There were 258 households, of which 17.4% had children under the age of 18 living with them, 44.2% were married couples living together, 4.3% had a female householder with no husband present, 2.7% had a male householder with no wife present, and 48.8% were non-families. 45.3% of all households were made up of individuals, and 26% had someone living alone who was 65 years of age or older. The average household size was 1.88 and the average family size was 2.58.

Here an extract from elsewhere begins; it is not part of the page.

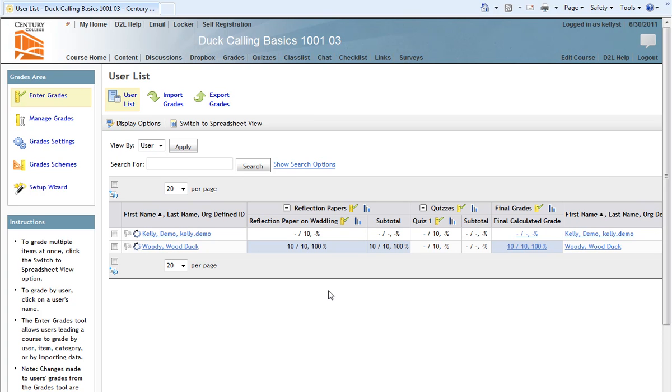Hi there everyone. This is Stephen Kelly from the Century College Center for Educational Technology. In this final video on how to set up the gradebook in D2L, we will learn how to preview a gradebook from a student's perspective and how to release the final grade calculations to students.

The median age was 46.6 years. 11.7% of residents were under the age of 18; 9.1% were between the ages of 18 and 24; 27.2% were from 25 to 44; 28.9% were from 45 to 64; and 23.2% were 65 years of age or older. The gender makeup was 37.8% male and 62.2% female.

===2000 census===
As of the 2000 census, there were 555 people, 266 households and 155 families residing in the city. The population density was 1106.14 PD/sqmi. There were 320 housing units at an average density of 637.78 /sqmi. The racial makeup of the city was 98.20% White, 0.00% African American, 0.54% Native American, 0.36% Asian, 0.00% Pacific Islander, 0.00% from some other races and 0.90% from two or more races. Hispanic or Latino people of any race were 0.36% of the population.

There were 266 households, of which 21.8% had children under the age of 18 living with them, 52.6% were married couples living together, 3.0% had a female householder with no husband present, and 41.4% were non-families. 38.7% of all households were made up of individuals, and 21.4% had someone living alone who was 65 years of age or older. The average household size was 2.08 and the average family size was 2.77.

20.7% of the population were under the age of 18, 4.3% from 18 to 24, 20.4% from 25 to 44, 30.5% from 45 to 64, and 24.1% who were 65 years of age or older. The median age was 48 years. For every 100 females, there were 88.8 males. For every 100 females age 18 and over, there were 92.1 males.

The median household income was $30,764 and the median family income was $39,063. Males had a median income of $30,357 and females $16,667. The per capita income was $17,489. About 7.0% of families and 7.4% of the population were below the poverty line, including 6.8% of those under age 18 and 10.6% of those age 65 or over.

==Government==
The Southwest Multi-County Correction Center, on behalf of the North Dakota Department of Corrections and Rehabilitation, operates the Dakota Women's Correctional and Rehabilitation Center in New England.

==Education==
The New England Public School District 9 was organized in September 1914.
- New England High School (7-12) in New England
- New England Elementary School (PK-6) in New England

The area is served by the New England Public School District 9. It operates the New England School. In the 2025-26 academic year, the district reported a total of 266 students.